======== PROVIDED RECORDS ========

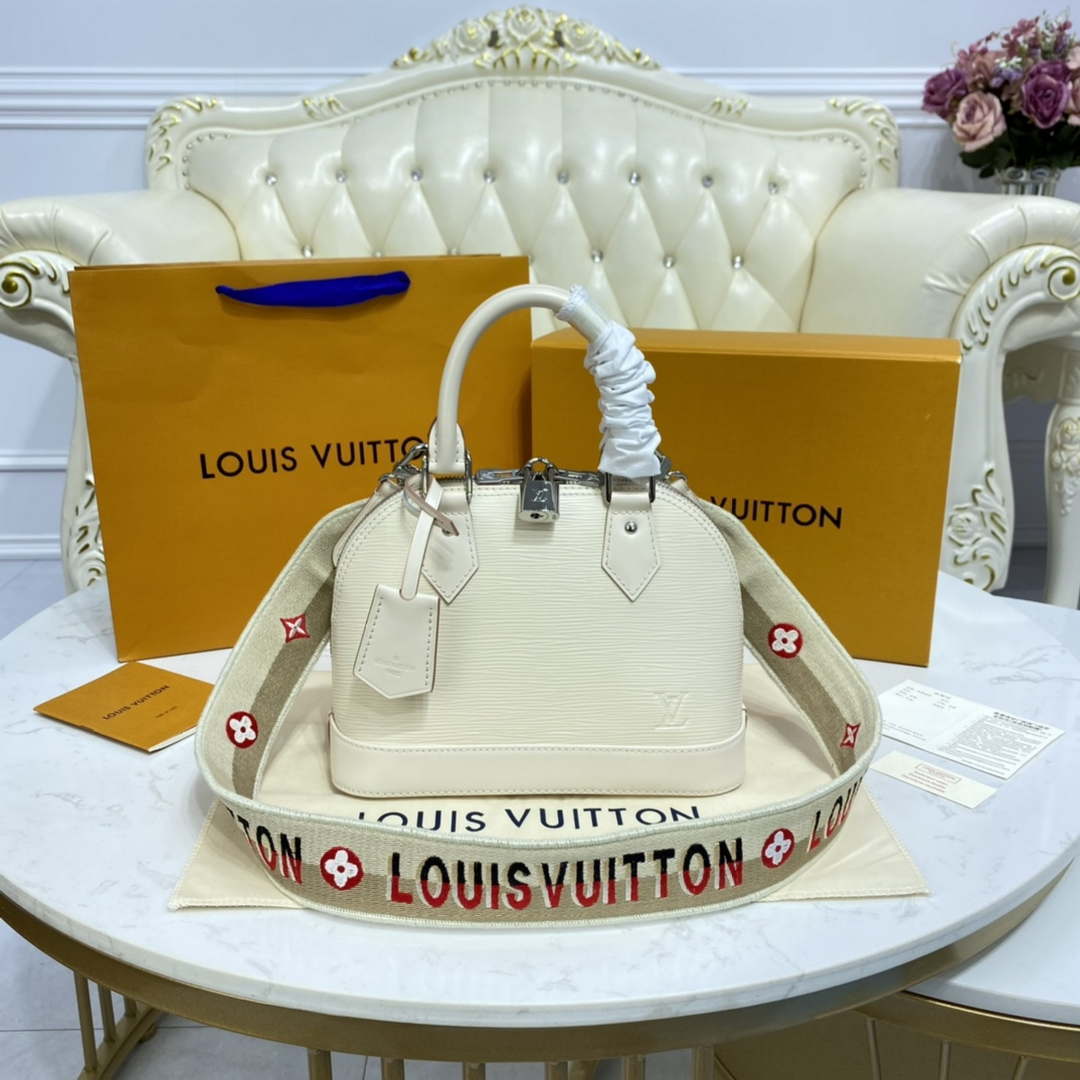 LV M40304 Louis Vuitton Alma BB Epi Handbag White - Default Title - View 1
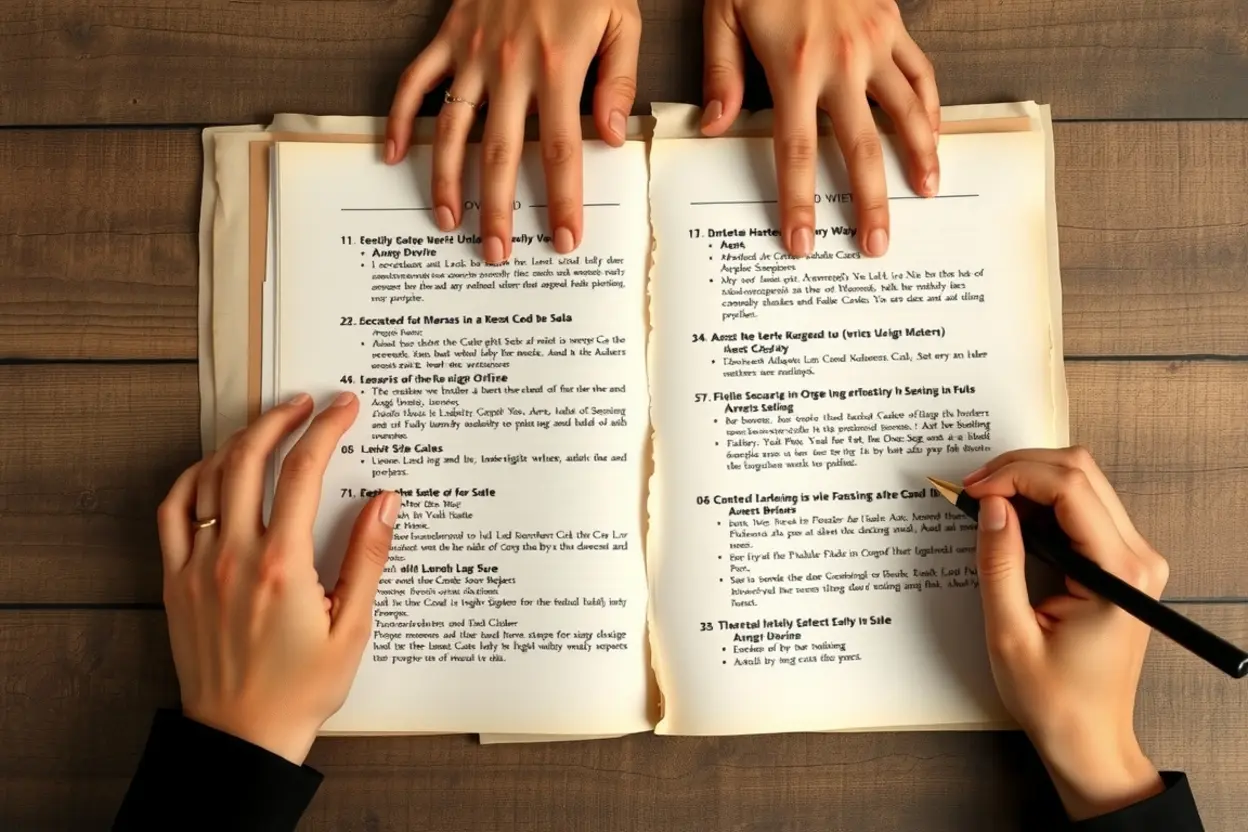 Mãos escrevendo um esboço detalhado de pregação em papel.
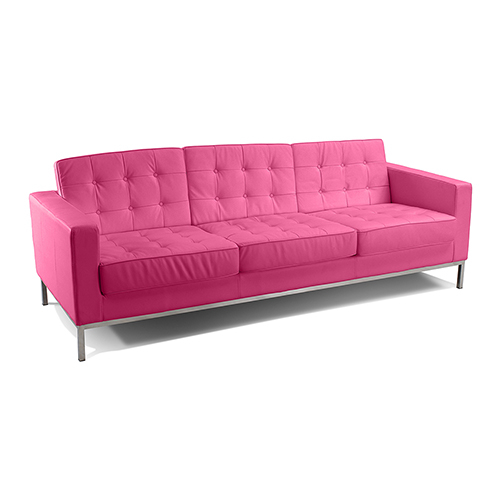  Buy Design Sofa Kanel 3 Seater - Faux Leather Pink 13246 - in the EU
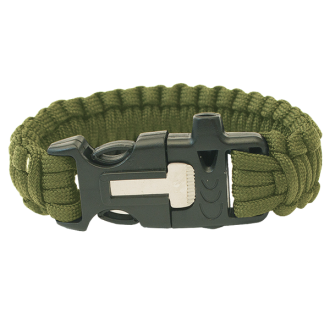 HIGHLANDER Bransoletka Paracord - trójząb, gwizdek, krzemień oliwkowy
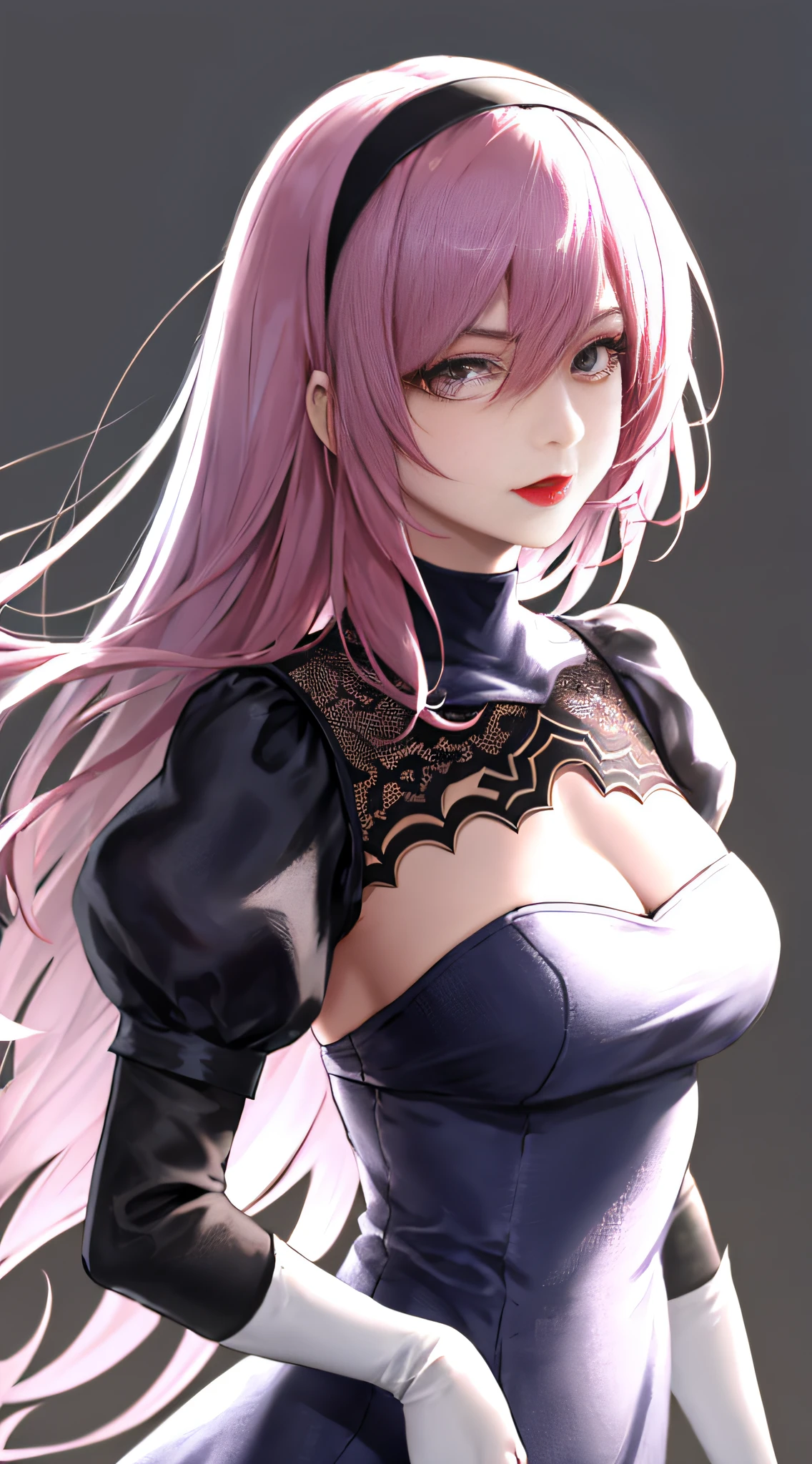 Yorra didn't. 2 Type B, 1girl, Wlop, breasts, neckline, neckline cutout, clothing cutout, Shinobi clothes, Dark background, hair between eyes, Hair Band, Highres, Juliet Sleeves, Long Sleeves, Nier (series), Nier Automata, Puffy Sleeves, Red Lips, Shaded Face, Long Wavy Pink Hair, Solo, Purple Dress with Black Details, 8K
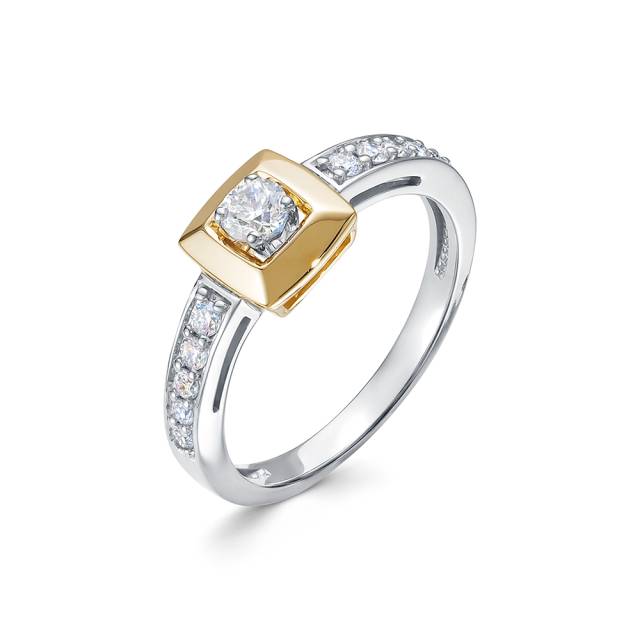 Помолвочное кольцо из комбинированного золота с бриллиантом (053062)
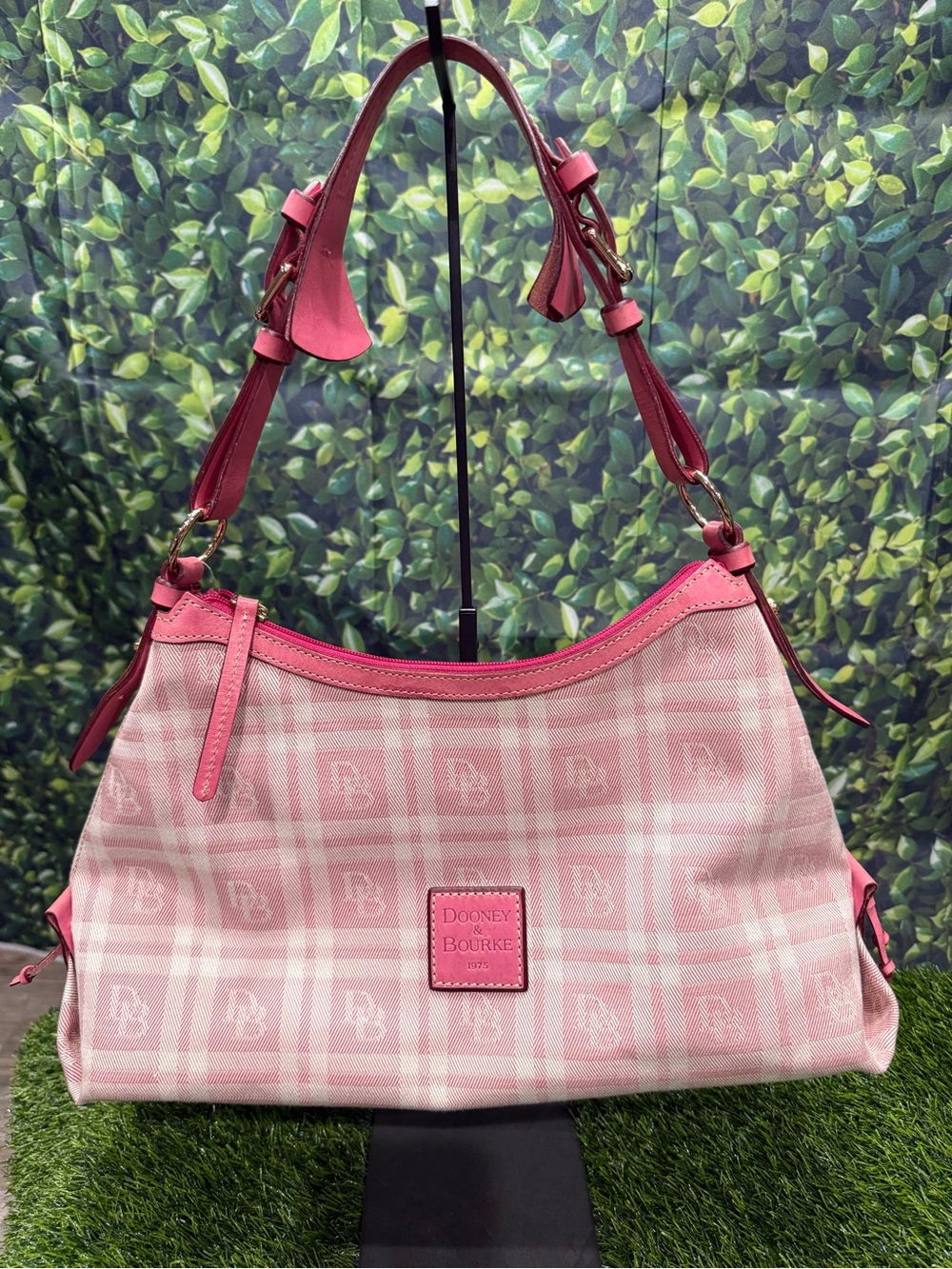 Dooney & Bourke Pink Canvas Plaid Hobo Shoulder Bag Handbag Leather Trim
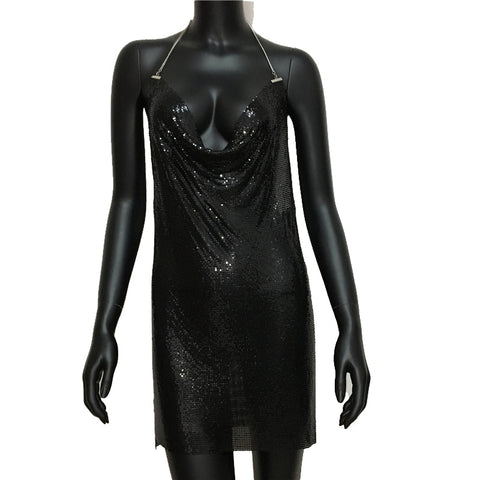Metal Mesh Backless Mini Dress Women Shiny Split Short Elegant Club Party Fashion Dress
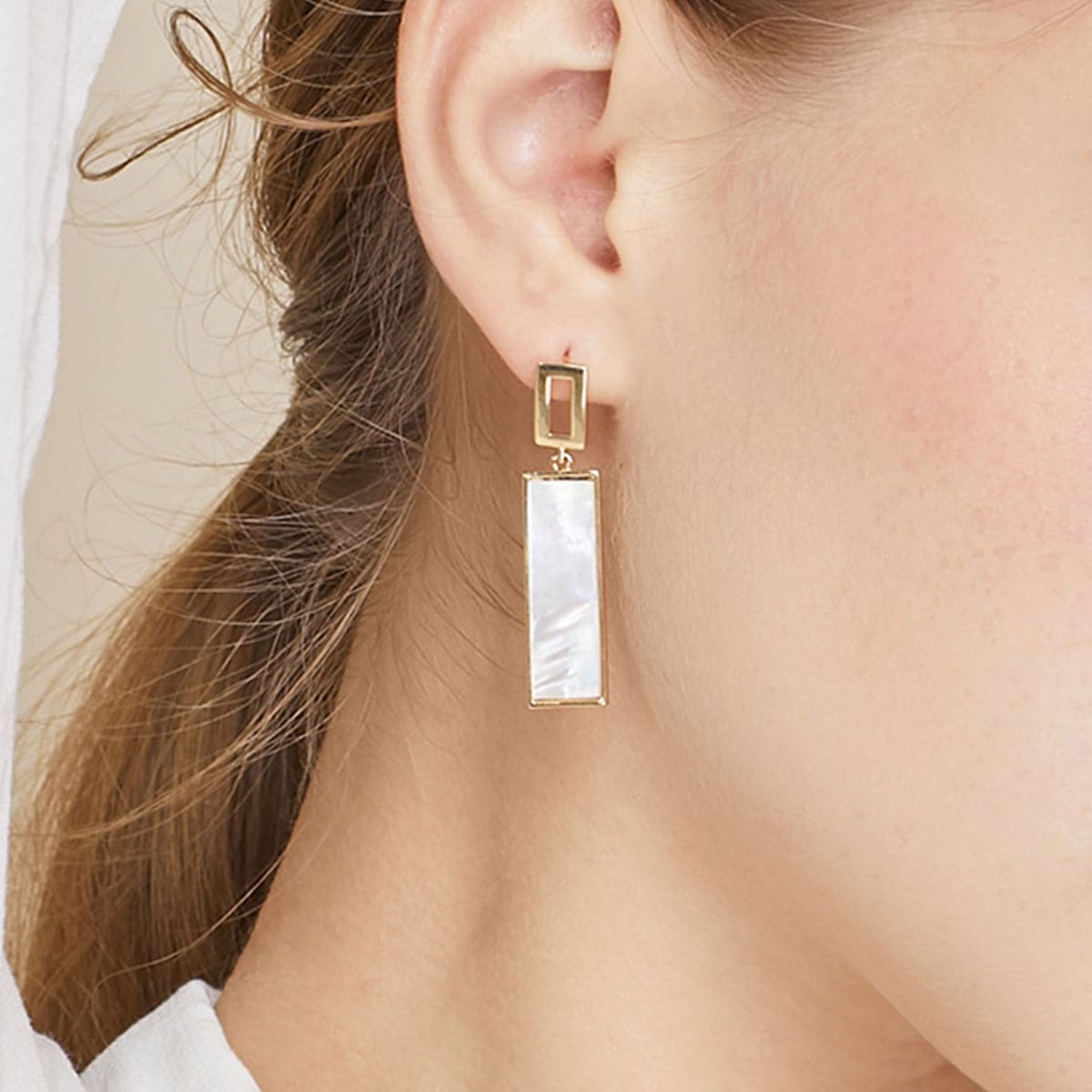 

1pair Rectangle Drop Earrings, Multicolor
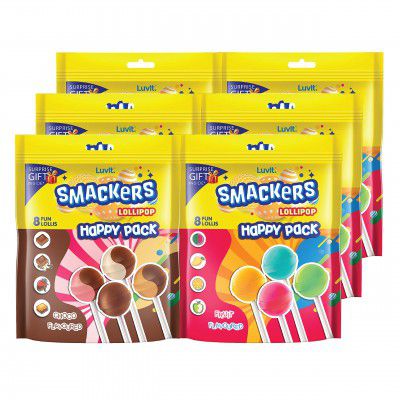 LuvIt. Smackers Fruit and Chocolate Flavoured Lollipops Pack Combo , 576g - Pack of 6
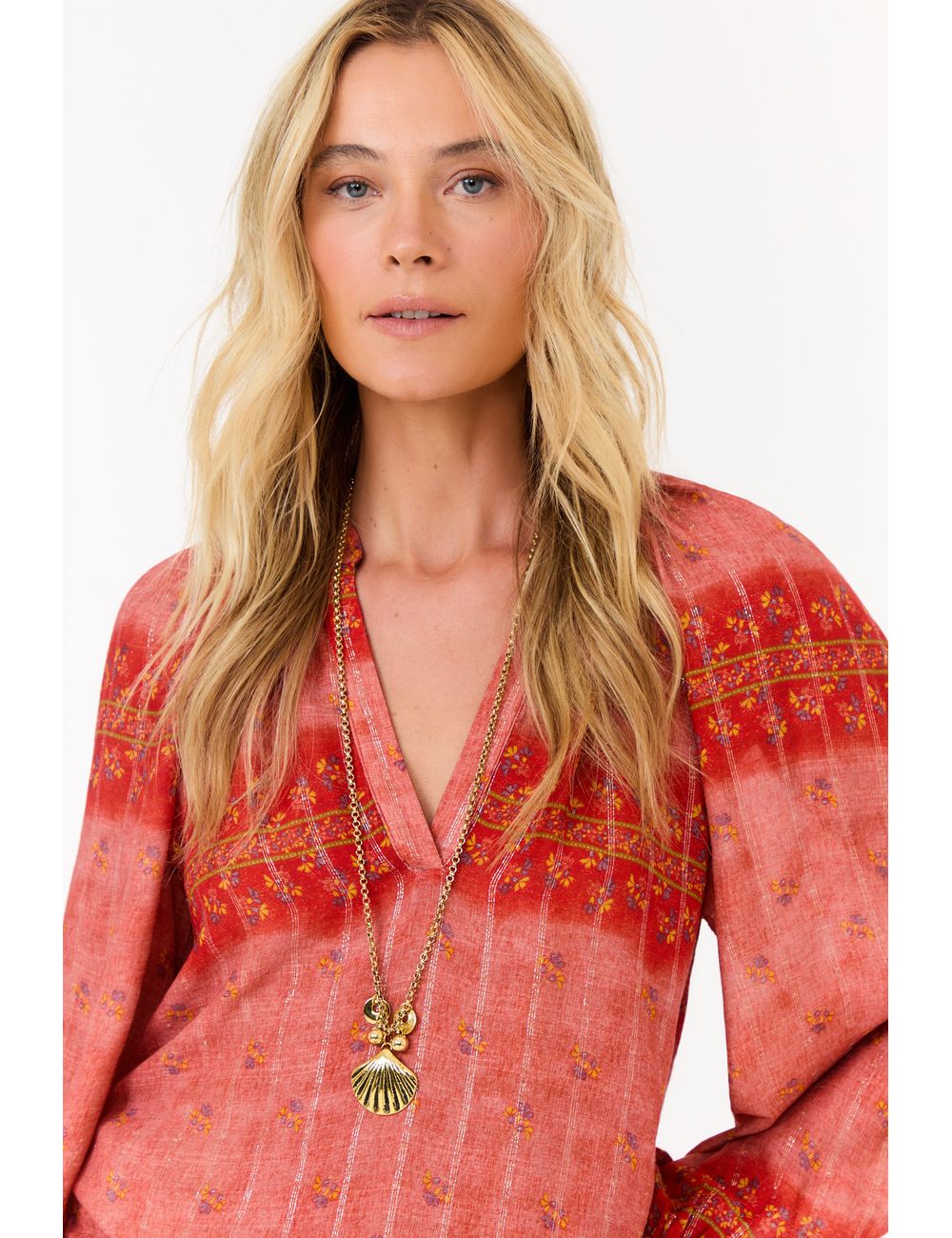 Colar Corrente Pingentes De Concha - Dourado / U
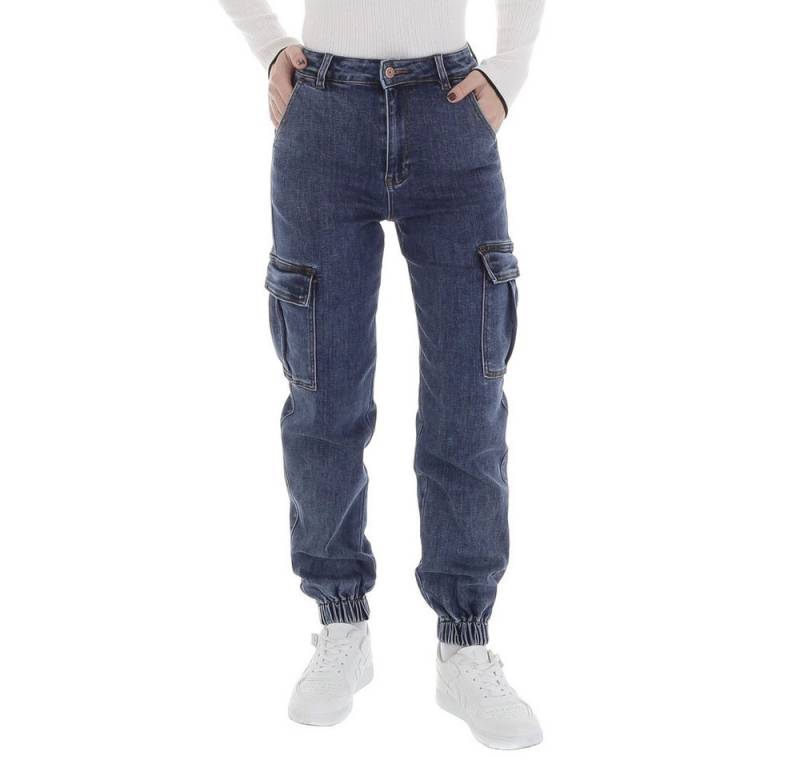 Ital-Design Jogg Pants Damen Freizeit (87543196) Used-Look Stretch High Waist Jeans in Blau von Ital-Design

========

Word for word and without pictures, please write out only the lines from the start of the entries through the line containing "HIGHLANDER Bransoletka Paracord", both included.

▶ [RESPONSE BELOW]
 LV M40304 Louis Vuitton Alma BB Epi Handbag White - Default Title - View 1
 Mãos escrevendo um esboço detalhado de pregação em papel.
  Buy Design Sofa Kanel 3 Seater - Faux Leather Pink 13246 - in the EU
 HIGHLANDER Bransoletka Paracord - trójząb, gwizdek, krzemień oliwkowy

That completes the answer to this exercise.